In a wrongful death suit by a Massachusetts wife of a man and their child who drowned in a Montreal hotel pool, a Massachusetts federal court held in Nandjou v. Marriott International that it had jurisdiction under the state long-arm statute over hotel franchisor, Marriott, and its Montreal franchisee.

The court applied a three part test for personal jurisdiction over defendants Marriott and its franchisee, non-residents of Massachusetts: (1) whether the claim arose out of Marriott’s and the franchisee’s Massachusetts activities, (2) whether those Massachusetts contacts were a “purposeful availment” of the privilege of doing business in Massachusetts, and (3) whether the exercise of jurisdiction was reasonable.

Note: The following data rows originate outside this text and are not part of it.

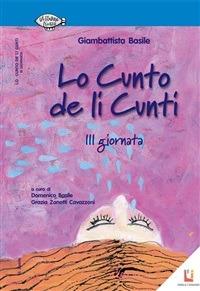 Lo cunto de li cunti. 3ª giornata. Ediz. illustrata - Giambattista Basile,Domenico Basile,Grazia Zanotti Cavazzoni,Franco Autuori - ebook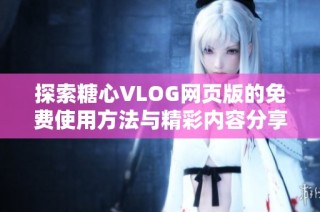 探索糖心VLOG网页版的免费使用方法与精彩内容分享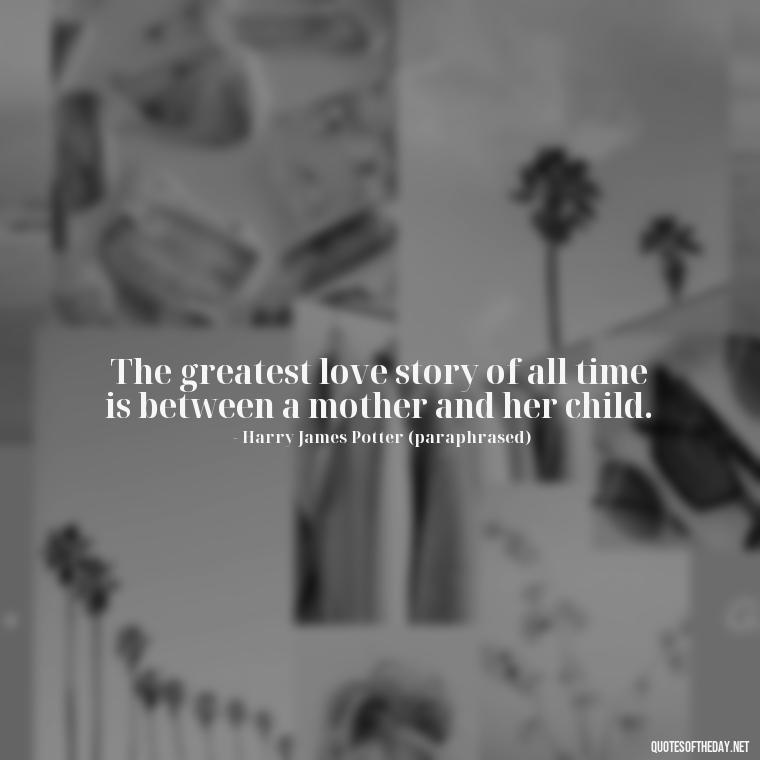 The greatest love story of all time is between a mother and her child. - Harry Potter Quote Love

The court analyzed whether Marriott’s actions in Massachusetts could be attributed to its Montreal franchisee. In exchange for annual fees and costs, Marriott marketed the franchisee’s hotel, and the franchisee used Marriott’s name and marketing abilities expecting Marriott would advertise its hotel and customers would visit the hotel because it was affiliated with Marriott. The court found that when the plaintiff’s husband checked into the hotel, the franchisee accepted the discounted rate Marriott gave the plaintiff’s husband in Massachusetts. Therefore, based on the relationship between the parties, the court held that Marriott’s communications to the plaintiff’s family in Massachusetts was attributable to the franchisee.

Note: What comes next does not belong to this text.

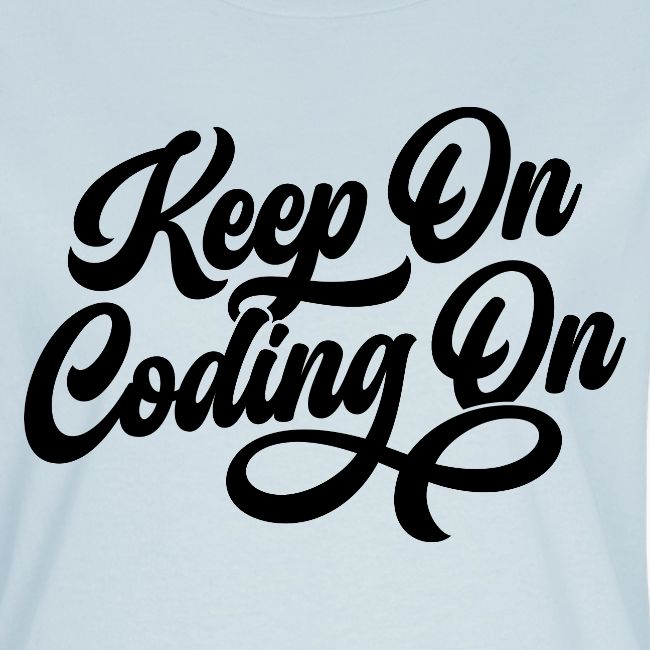 Keep on Coding On Black Font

Next, the court looked at the purposeful availment test. For defendants to purposefully avail themselves of the privilege of doing business in Massachusetts, their contacts must be voluntary, such that they should reasonably anticipate being brought into court in Massachusetts. The court found both requirements were met because Marriott chose to advertise the franchisee’s hotel in Massachusetts through direct mail advertisements and other means.

Finally, the court held that exercising jurisdiction over the defendants would be reasonable. The court considered the potential burden on the defendants, Massachusetts’ interest in adjudicating the dispute, the plaintiff’s interest in obtaining convenient and effective relief, the judicial system’s interest in the most effective resolution and social policy considerations. These factors weighed in favor of the plaintiff, therefore the court’s exercise of jurisdiction was reasonable.

Generally, if a business uses an agent or maintains an office with staff, a bank account, and a local phone number in a jurisdiction, the assertion of personal jurisdiction is expected. However, as this case shows, franchisees in systems that advertise on the internet and by direct mail need to realize that absence of a physical presence in a forum sometimes is not is enough to avoid being brought into unexpected and inconvenient courts.